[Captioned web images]
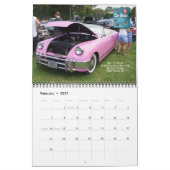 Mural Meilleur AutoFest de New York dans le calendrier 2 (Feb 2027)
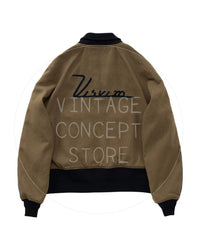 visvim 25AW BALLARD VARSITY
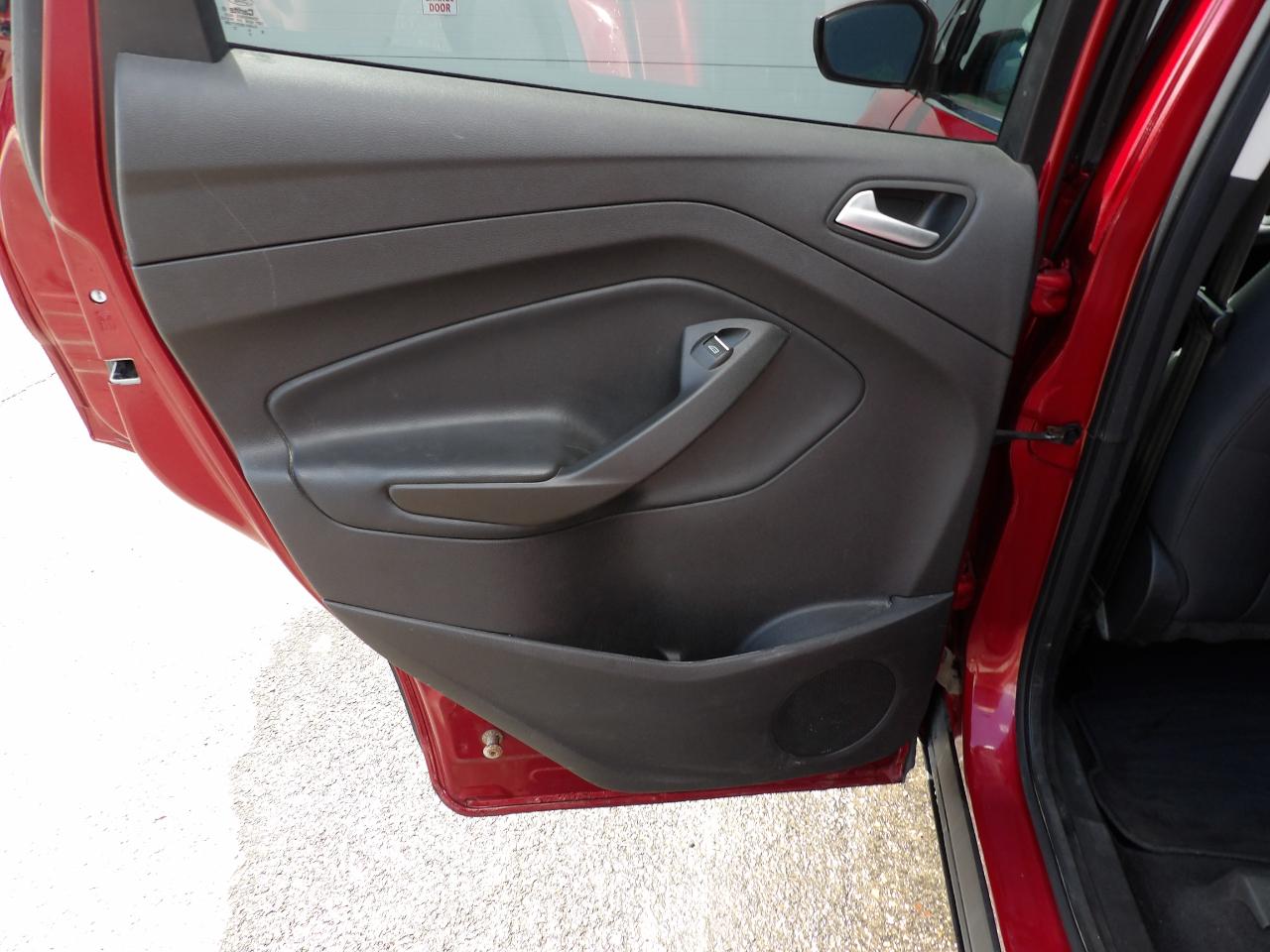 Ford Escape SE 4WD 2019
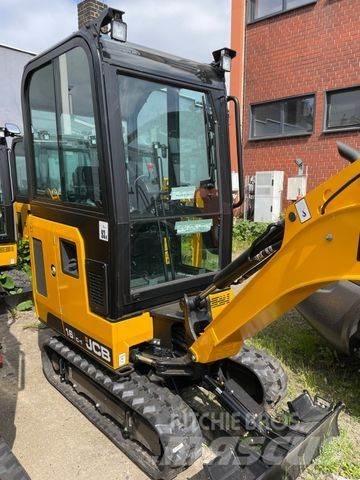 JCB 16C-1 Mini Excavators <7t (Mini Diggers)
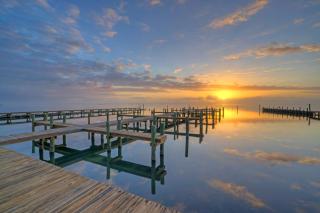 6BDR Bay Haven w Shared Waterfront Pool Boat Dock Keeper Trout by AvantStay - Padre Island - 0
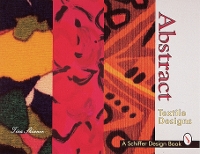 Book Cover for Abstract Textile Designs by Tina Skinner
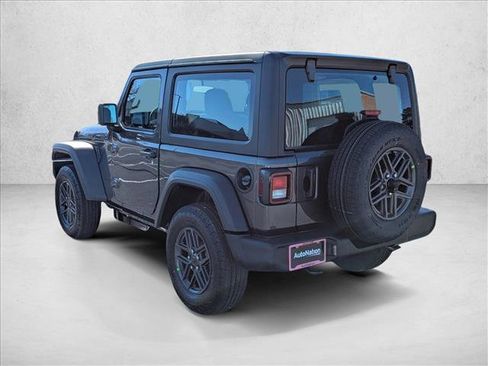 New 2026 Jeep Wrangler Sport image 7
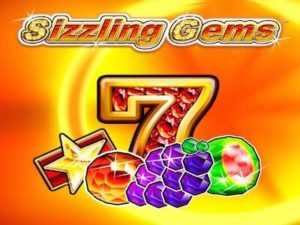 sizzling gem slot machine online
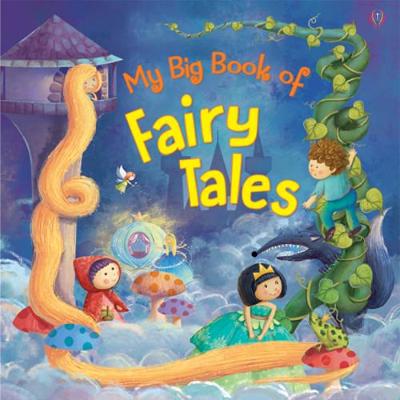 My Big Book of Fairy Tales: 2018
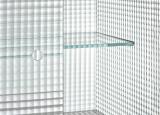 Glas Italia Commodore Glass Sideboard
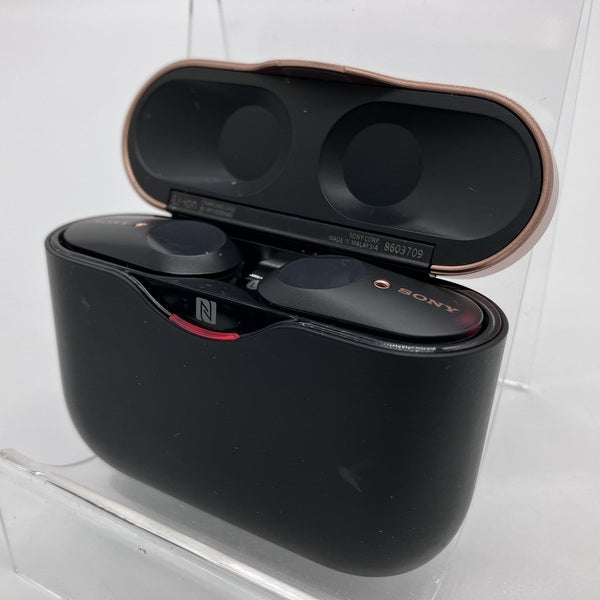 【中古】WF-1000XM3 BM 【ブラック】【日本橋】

* [Work required]: Could you copy exactly, and with no pictures, the lines above from the one containing "Book Cover for" through the last line, both included?

* [Answer for this exercise]:
 Book Cover for Abstract Textile Designs by Tina Skinner
 New 2026 Jeep Wrangler Sport image 7
 sizzling gem slot machine online
 My Big Book of Fairy Tales: 2018
 Glas Italia Commodore Glass Sideboard
 【中古】WF-1000XM3 BM 【ブラック】【日本橋】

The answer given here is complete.